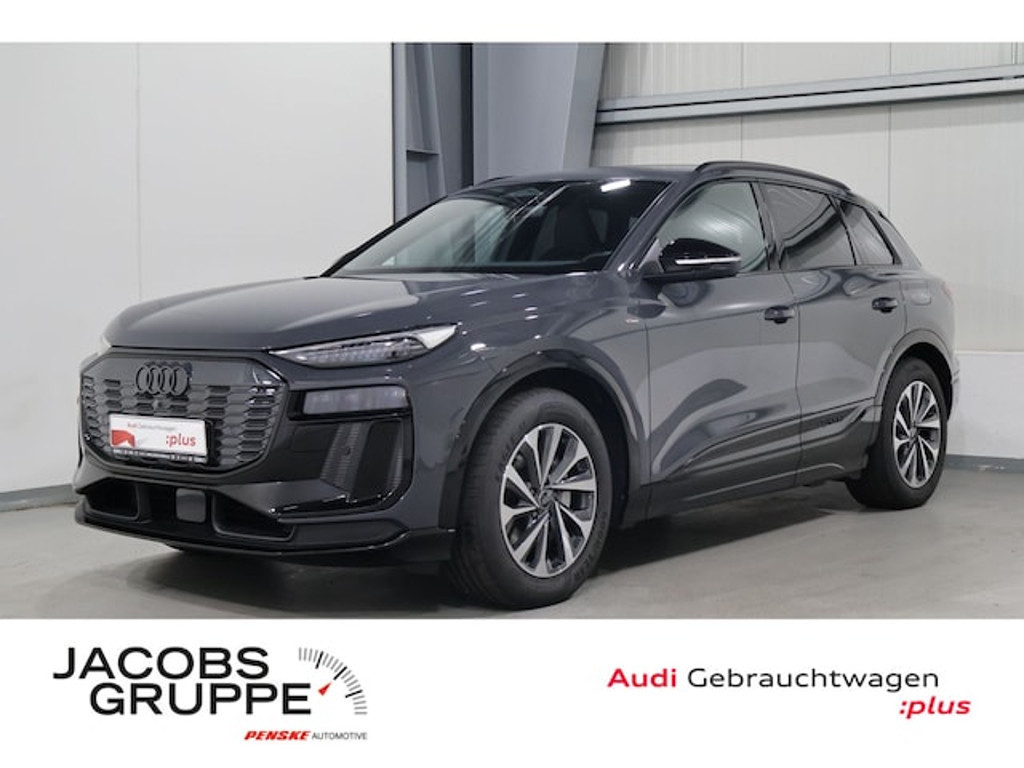 Audi Q6 e-tron Performance
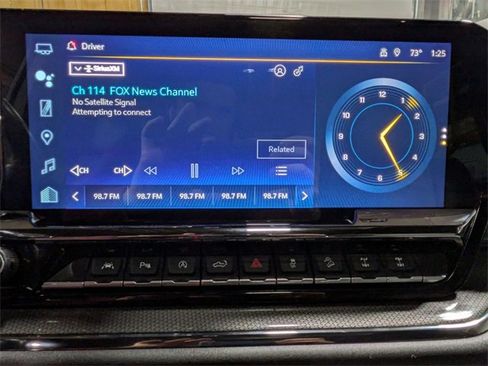 Certified 2023 Chevrolet Silverado 1500 ZR2 w/ Technology Package image 23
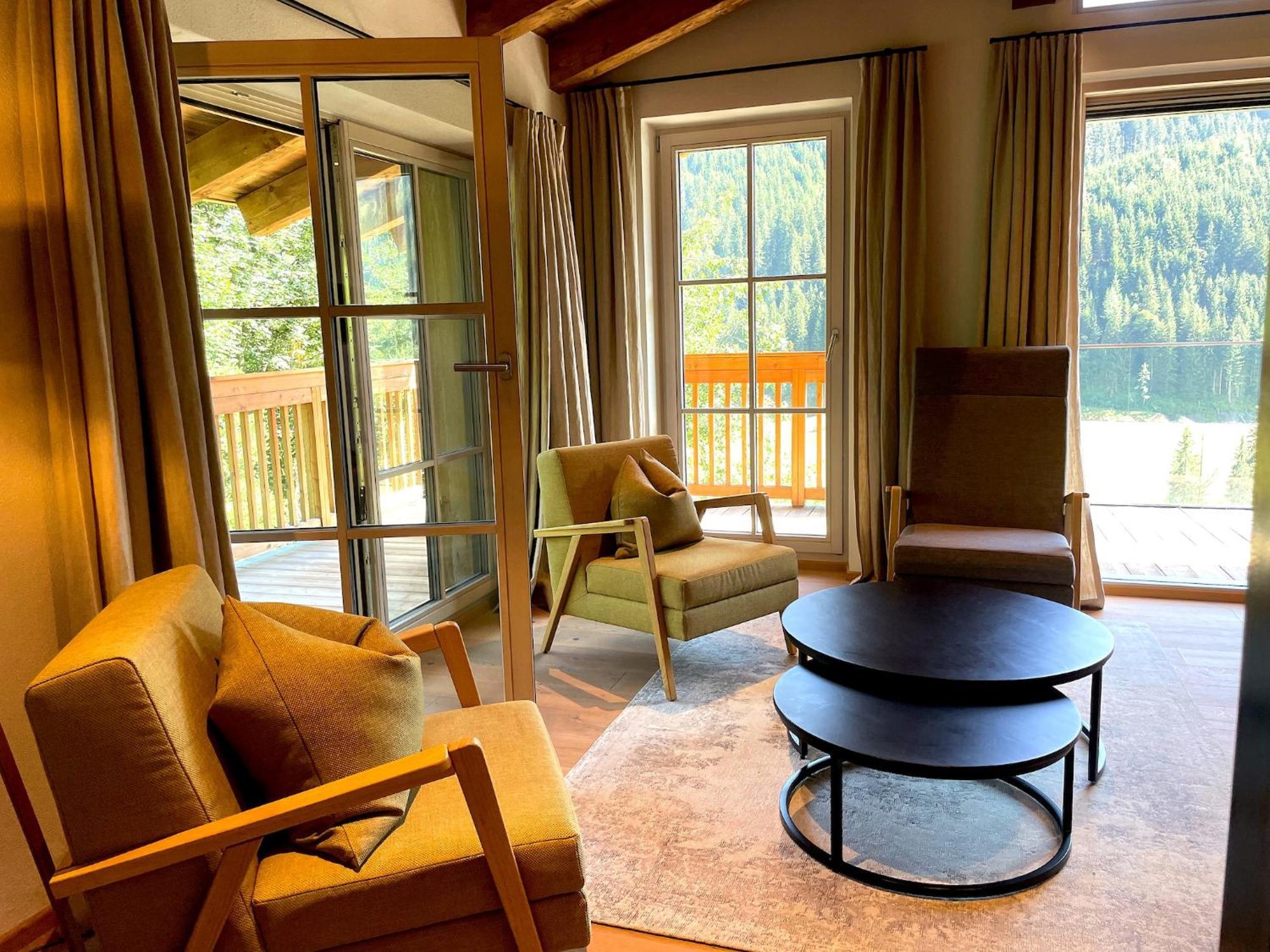 Chalet Glemmerl Mountain Lodge, Saalbach Exterior photo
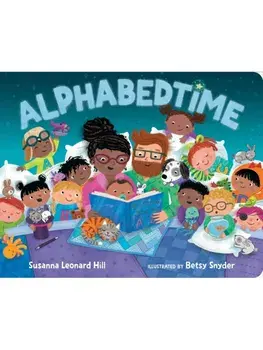 Alphabedtime, Board book/Susanna Leonard Hill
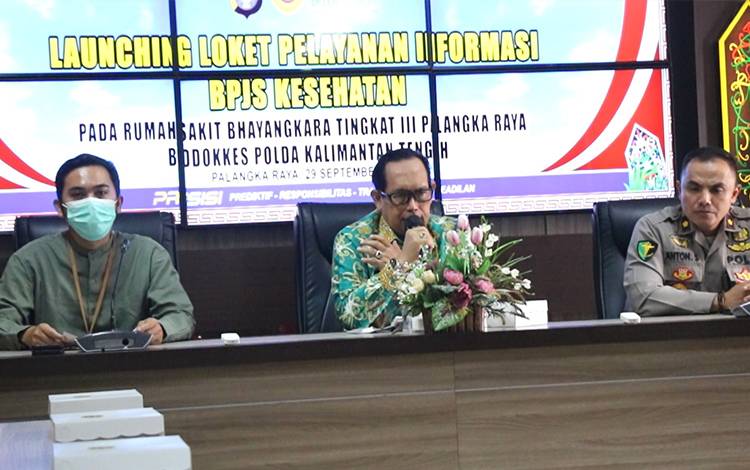 Loket Pelayanan Informasi BPJS Kesehatan Tersedia di Rumah Sakit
====
**GOAL OF THE EXERCISE**
Reproduce the listing exactly, but omit every picture in it.

**EXERCISE RESPONSE**
 Audi Q6 e-tron Performance
 Certified 2023 Chevrolet Silverado 1500 ZR2 w/ Technology Package image 23
 Chalet Glemmerl Mountain Lodge, Saalbach Exterior photo
 Alphabedtime, Board book/Susanna Leonard Hill
 Loket Pelayanan Informasi BPJS Kesehatan Tersedia di Rumah Sakit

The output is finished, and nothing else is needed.